When the Thriller Hits the Floorboards

Then we get to the third act. I won't spoil the specifics, but let’s just say the movie stops being a grounded procedural and starts being a subterranean slasher flick. This is where the "Cult Classic" DNA really kicks in. The shift is so jarring it’s almost admirable. Halle Berry’s hair in this movie looks like a sentient sponge that’s trying to escape her scalp, and as the plot gets wilder, the hair seems to gain more power.

Scene from The Call

There’s a legendary bit of trivia involving the ending: the original script had a much more "Hollywood" conclusion involving the police saving the day. But after some test screenings and creative pivots, they went with a finale that is—to put it mildly—a glorious middle finger to the American judicial system. It is deeply satisfying in a way that makes you feel like you need a shower afterward.

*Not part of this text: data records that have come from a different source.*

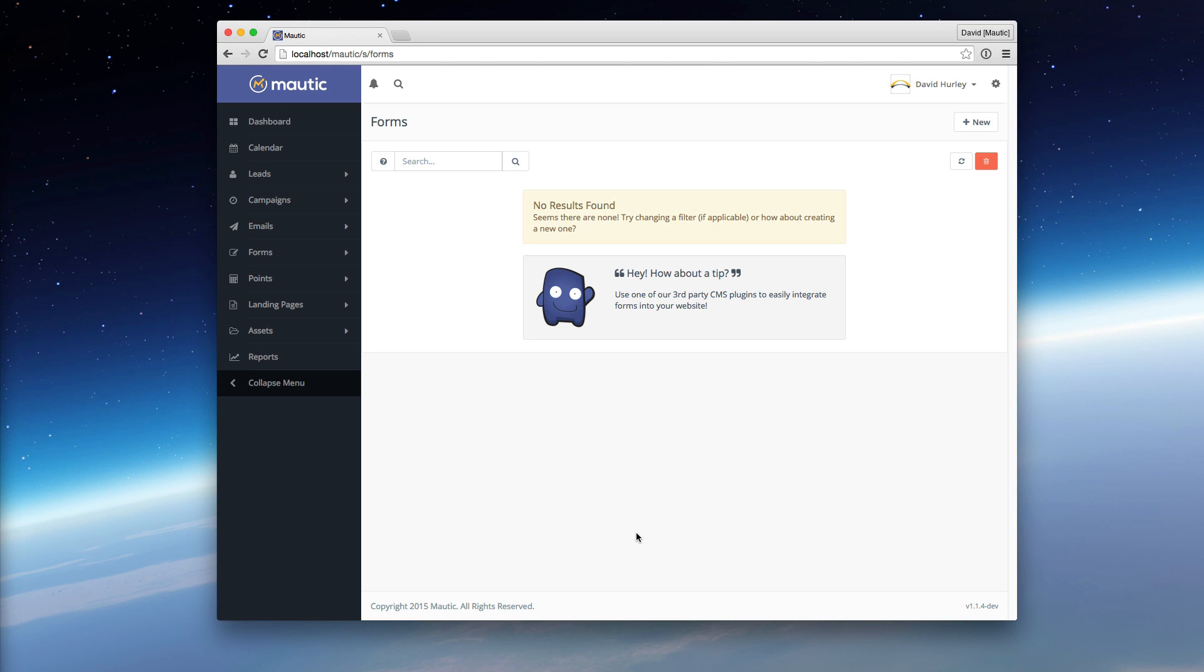Hey, everybody. I just wanted to take a quick minute and review a concept within Mautic that some have had questions about recently.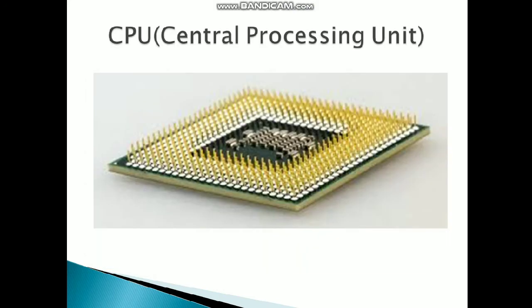Now first, CPU. The full form of CPU, as we all know, is Central Processing Unit. You can see on your screen the image of the CPU. This is how the CPU is shown.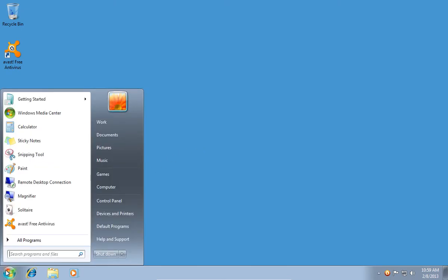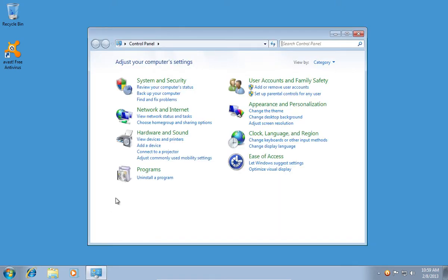Go to the Start menu and choose Control Panel, then click Uninstall a Program.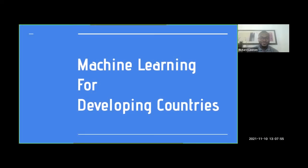Greetings to you, ladies and gentlemen from across the globe. We hope you are doing great. Today's discussion will be about machine learning for developing countries, such as Ghana, and how we can benefit from it.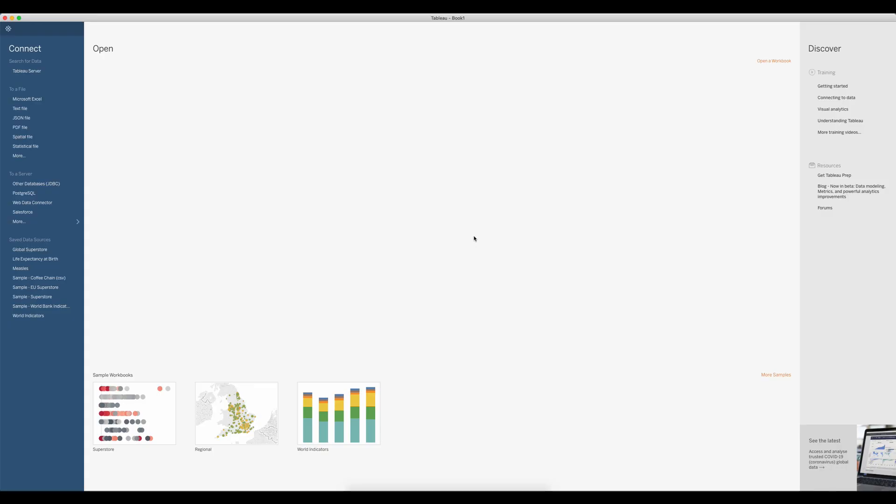In this video I want to take a look at how to create a donut chart in Tableau. This is a re-recording of a video I did a few years ago, however Tableau has changed since.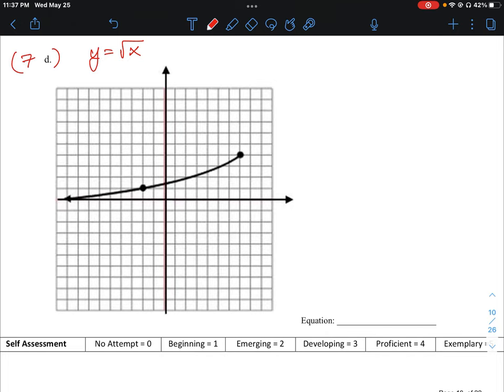This is our base function, and our more general function is written as: y minus k is equal to a times the square root of b over x minus h. What we need to do is figure out what the different values h, k, a, and b are, and work out what our derived equation would be.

Even Michael Imperioli (Christopher from The Sopranos) pops up for a brief, memorable stint that reminds you this film isn't afraid to be mean. It’s a movie that understands that sometimes, the audience doesn't want justice; they want a pound of flesh.

6.5 /10

Worth Seeing

The Call is the ultimate "Saturday Night" movie. It’s lean, mean, and features a performance from Halle Berry that treats the material with way more respect than it probably deserves. While the final twenty minutes jump the shark into a different genre entirely, the sheer momentum of the "trunk scenes" makes it a highlight of early 2010s thrillers. It’s a reminder that before everything was a franchise, we could still get a standalone, mid-budget heart-pounder that knew exactly how to push our buttons. If you can handle the shift from logic to lunacy, it's a call worth taking.